O quê, santo Deus!, o que é que "não é de leitura evidente"?

Quem é que se imagina a viver tal história? E quem é que anda a “chuchar” com o pagode? Isto, senhores, acontece num processo de uma simplicidade notável. E que acontecerá na maioria deles, que são muito mais complicados? Imagina-se, não?!

Só em quadra de Carnaval esta justificação poderia ter aparecido, não acha? Ou será que não. Será que poderia aparecer em qualquer outra quadra, com este ministro e com estes serviços? Valha-nos São Judas Tadeu, padroeiro dos aflitos!... Talvez nem esse consiga. É que nós já nem estamos aflitos. Estamos, sim, à rasquinha!... E, para gente nas nossas circunstâncias, já não haverá santo que valha.

E cá vamos, cantando e rindo, levados, levados sim…


Ridículo! Desconsolador mesmo. Não é mesmo uma tristeza?

12 comentários:

Ricardo disse...

Viva Ruvasa,

Este caso é realmente anedótico, mesmo absurdo. É de ficarmos com os cabelos em pé perante a ligeireza com que os casos são tratados.

Já tinha comentado este caso, de forma breve, no início do mês e vejo que a "novela" promete continuar.

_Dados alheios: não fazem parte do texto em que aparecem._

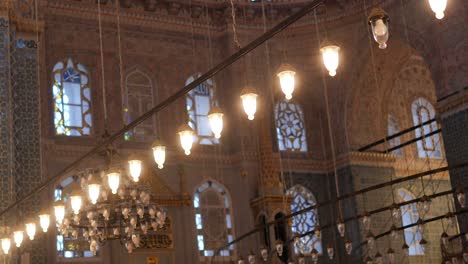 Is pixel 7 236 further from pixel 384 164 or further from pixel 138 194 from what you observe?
pixel 384 164

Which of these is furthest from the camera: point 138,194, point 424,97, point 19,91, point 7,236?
point 424,97

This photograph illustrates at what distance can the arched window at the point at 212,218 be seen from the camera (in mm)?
16172

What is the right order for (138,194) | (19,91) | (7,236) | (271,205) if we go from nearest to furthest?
(138,194)
(7,236)
(19,91)
(271,205)

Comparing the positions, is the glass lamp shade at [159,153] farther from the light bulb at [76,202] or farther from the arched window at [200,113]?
the arched window at [200,113]

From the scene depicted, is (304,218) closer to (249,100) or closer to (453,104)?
(453,104)

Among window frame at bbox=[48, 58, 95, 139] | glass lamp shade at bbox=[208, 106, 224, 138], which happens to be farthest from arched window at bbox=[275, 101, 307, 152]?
glass lamp shade at bbox=[208, 106, 224, 138]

http://filhodo25deabril.blogspot.com/2007/02/987-indulto-foragido.html

Abraço,

Ruvasa disse...

Viva, Ricardo!

Na verdade, só se compreende à luz da quadra que decorrria.

Abraço

Ruben

Orlando Braga disse...

Bom...quando o governo dá sérios indícios de analfabetismo, temos uma ideia do estado deste país...

Ruvasa disse...

Viva, Orlando!

;-) :-(

Abraço

Ruben

carneiro disse...

1. O atracador dos cacilheiros não foi de certeza. É que este quando falha profissionalmente arrisca-se a morrer ou a matar alguém. Por isso é um profissional cuidadoso e competente. Pratica aquele cada vez mais remoto conceito chamado responsabilidade profissional.

2."não era de leitura evidente" significa que ninguém leu e passou à frente partindo do princípio de que se fosse importante já alguem, antes, teria dado por isso.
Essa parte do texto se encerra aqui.